The pinned-bug dilemma

At the junior level, "pin the bug on purpose" sounded simple. At scale it becomes a genuine engineering judgment with real downside risk.

Consider a legacy module with hundreds of pinned behaviors, generated largely via golden masters over thousands of inputs. Some unknown fraction of those pinned values are bugs — wrong outputs that the original code happened to produce. By characterizing, you have just made every one of those bugs harder to fix, because now any fix trips a test and looks like a regression.

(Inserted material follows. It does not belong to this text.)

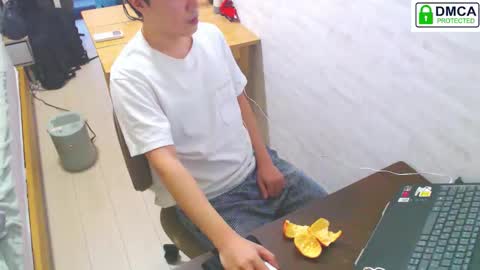 flowerbox online show from January 12, 2026, 7:46 am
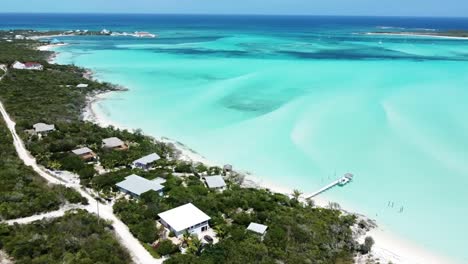 Vista-Aérea-Desde-El-Continente-Hasta-El-Mar-Turquesa-En-Las-Bahamas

This is the paradox at the heart of the technique:

Key idea: Characterization tests protect behavior indiscriminately — including the behavior you would want to change. The very thing that makes them a safety net for refactoring makes them a barrier to correction.

How seniors manage it:

  1. Separate the two transitions in time and in commits. Refactoring (behavior-preserving) and bug-fixing (behavior-changing) are different activities. Pin first, refactor under the net, then fix bugs as deliberate, reviewed commits where a test value flips red→green on purpose. Never let a bug-fix hide inside a refactor; never let a refactor silently fix a bug.
  2. Tag suspected-buggy pins. Mark them (@Tag("pinned-bug"), a naming convention, a tracking ticket) so the team knows these are not contracts to defend forever — they are notes saying "this is what it does today, and we suspect it is wrong."
  3. Resist over-pinning incidental output. If a golden master captures a typo in a log line, you have now made fixing the typo a "behavior change." Decide what is contract (must be defended) versus incidental (free to change). Scrub or exclude the incidental.
  4. Know the blast radius before you trust a master. A 3,000-line golden master that nobody has read line-by-line is a liability dressed as an asset. You do not know how many of those lines are wrong, so you do not know what you are defending.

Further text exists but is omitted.